### Task brief
Search the records for the word "Volkswagen" and copy every line in which it occurs.

· · · ·

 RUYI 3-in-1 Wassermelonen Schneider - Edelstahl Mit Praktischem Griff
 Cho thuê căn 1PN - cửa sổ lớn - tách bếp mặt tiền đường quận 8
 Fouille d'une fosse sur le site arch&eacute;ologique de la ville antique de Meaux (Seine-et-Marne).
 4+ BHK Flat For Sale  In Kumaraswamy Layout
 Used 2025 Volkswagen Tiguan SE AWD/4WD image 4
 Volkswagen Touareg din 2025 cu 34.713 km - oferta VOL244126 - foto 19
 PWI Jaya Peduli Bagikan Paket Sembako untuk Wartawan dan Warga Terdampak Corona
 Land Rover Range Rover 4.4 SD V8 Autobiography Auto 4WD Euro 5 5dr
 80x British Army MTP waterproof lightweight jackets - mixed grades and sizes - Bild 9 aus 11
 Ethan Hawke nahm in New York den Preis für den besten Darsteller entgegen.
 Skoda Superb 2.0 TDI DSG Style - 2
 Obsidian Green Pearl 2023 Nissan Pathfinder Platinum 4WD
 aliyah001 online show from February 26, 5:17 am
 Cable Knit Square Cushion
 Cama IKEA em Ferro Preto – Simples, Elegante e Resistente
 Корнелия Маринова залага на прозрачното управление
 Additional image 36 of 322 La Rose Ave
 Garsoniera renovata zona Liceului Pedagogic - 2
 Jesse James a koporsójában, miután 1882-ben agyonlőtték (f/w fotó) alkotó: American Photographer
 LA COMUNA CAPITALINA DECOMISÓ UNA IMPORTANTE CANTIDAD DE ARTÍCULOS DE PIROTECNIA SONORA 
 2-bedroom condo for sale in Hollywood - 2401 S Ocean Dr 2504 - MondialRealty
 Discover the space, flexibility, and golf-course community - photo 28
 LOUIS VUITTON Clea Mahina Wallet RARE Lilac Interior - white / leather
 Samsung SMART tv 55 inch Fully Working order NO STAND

· · · ·

### Answer to the problem
 Used 2025 Volkswagen Tiguan SE AWD/4WD image 4
 Volkswagen Touareg din 2025 cu 34.713 km - oferta VOL244126 - foto 19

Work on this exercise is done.